Stein would say that a person’s empathic experience might stay at empathic awareness, the first level. This would probably be due to various reasons. But it can proceed to the second level if the situation permits.
For Edith Stein, there are three (3) levels of empathic experience. This would mean that empathy lets the subject go through a unique experience, so unique that Stein would say that it is sui generis.
Empathic Fulfillment
The second level of empathic experience is fulfilling explication. This refers to the intimate experience of being “at” the place of the other subject as if the subject becomes one with the other subject. In layman’s terms, this would be “putting oneself in the other’s shoes.” For Stein (p.12), this level is the “highest level of the consummation of empathy,” agreeing with Lipps.
Whereas in the first level the subject faces the other subject, in the second level the subject is at the other subject’s place.
It should be pointed out that for Stein, individuality is still preserved even in this intimate connection. Meaning to say, I do not become the other. While empathizing, I would always be myself and the other would still be a wholly other. It is just that, in empathy, I would be experiencing things as if I am in the other’s place.
Also, it should be noted that even at this level, emotional response from the subject is not warranted, and therefore may not happen. But, of course, sympathy might happen because of empathy.
Empathic Fulfillment in Practice
What does empathic fulfillment look like in practice?
Have you not experienced losing yourself (i.e., not conscious of yourself) when you were listening with your best friend? Have you never wondered that you know why a person feels this or that way? Have you not noticed that you seem to truly understand your friend’s grief over the loss of a loved one? Have you not experienced knowing the plight of a street vendor? Have you not noticed that you seem to understand the wrath your mother feels over your father?
This kind of understanding of what the other feels, as if you are the other, is what Stein calls empathy. This level is indeed the peak of the empathic experience.
P.S. All of the above is based on Edith Stein’s On the Problem of Empathy.
P.P.S. A disclosure: “empathic fulfillment” is my own term as I describe the second level of empathic experience.

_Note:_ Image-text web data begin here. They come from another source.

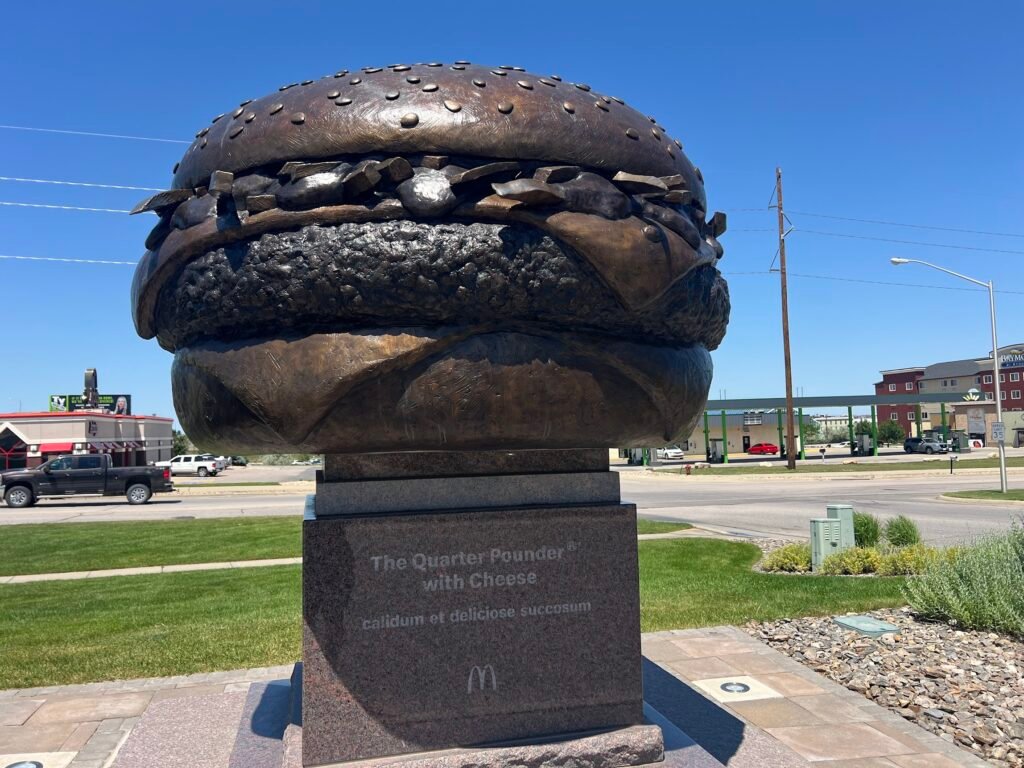 Giant quarter pounder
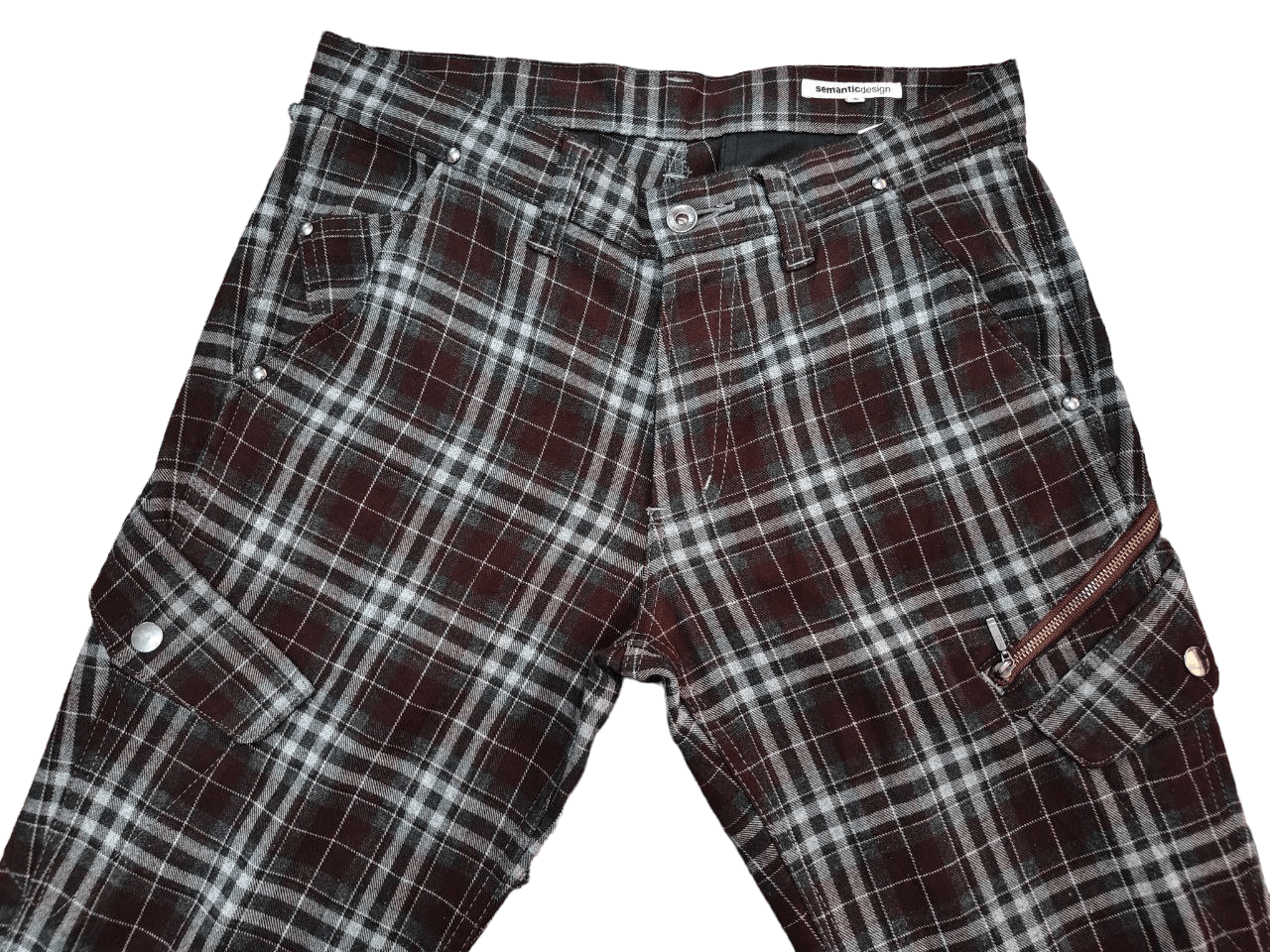semanticdesign Semantic Design Checkered Pant Size US 31 - 4 Thumbnail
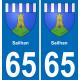 65 Pau autocollant sticker plaque immatriculation auto ville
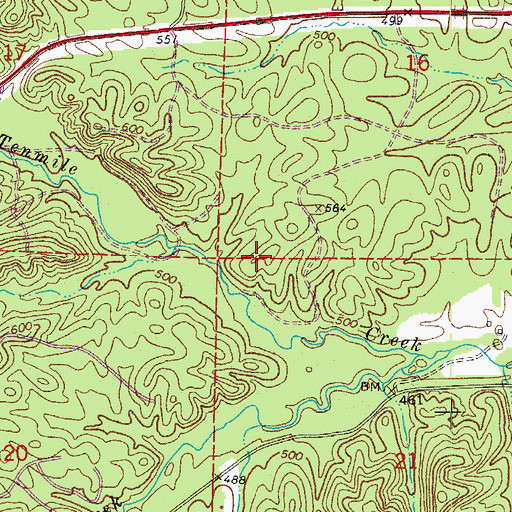 Topographic Map of Township of Phillips (historical), AR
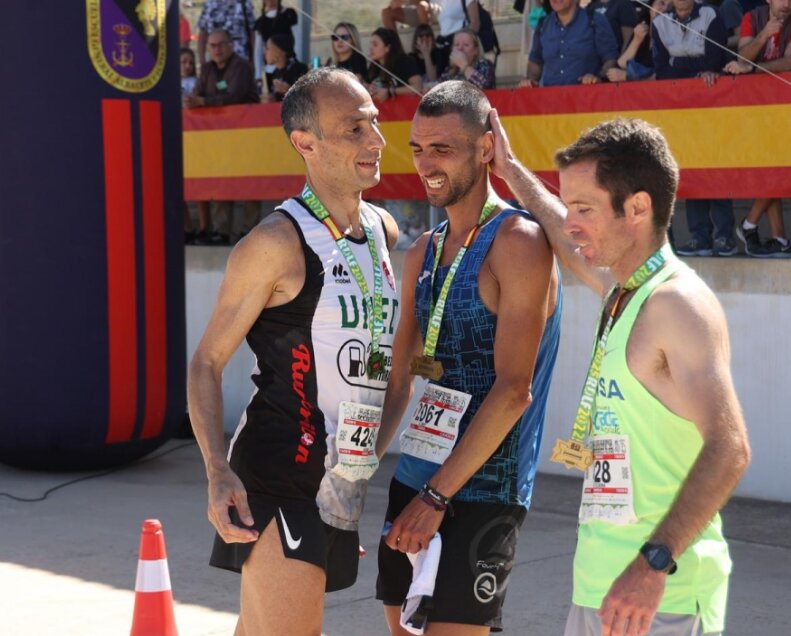 tres primeros masculinos ruta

“Should empathy persist beside primordial joy over the joyful event… and, moreover, should the other really be conscious of the event as joyful…, we can designate this primordial act as… fellow feeling (sympathy) (p.14).”
For Edith Stein, sympathy is when two (or more) subjects feel the same feeling over the same event. To sympathize with the other, then, means to feel what the other is feeling (i.e. to have a primordial feeling relatively the same as the other’s) over the same event. The caveat, of course, inherent in Stein’s argument for empathy, is that the feeling of the “I” will never be one and the same as that of the other. Individuality is still preserved. On the above passage, Stein uses the example of when the two subjects feel joy over a joyful event.
The question now is: is empathy necessary for the fulfillment of sympathy? In other words, is empathy the condition for sympathy?
*All of the above is based on Edith Stein’s On the Problem of Empathy.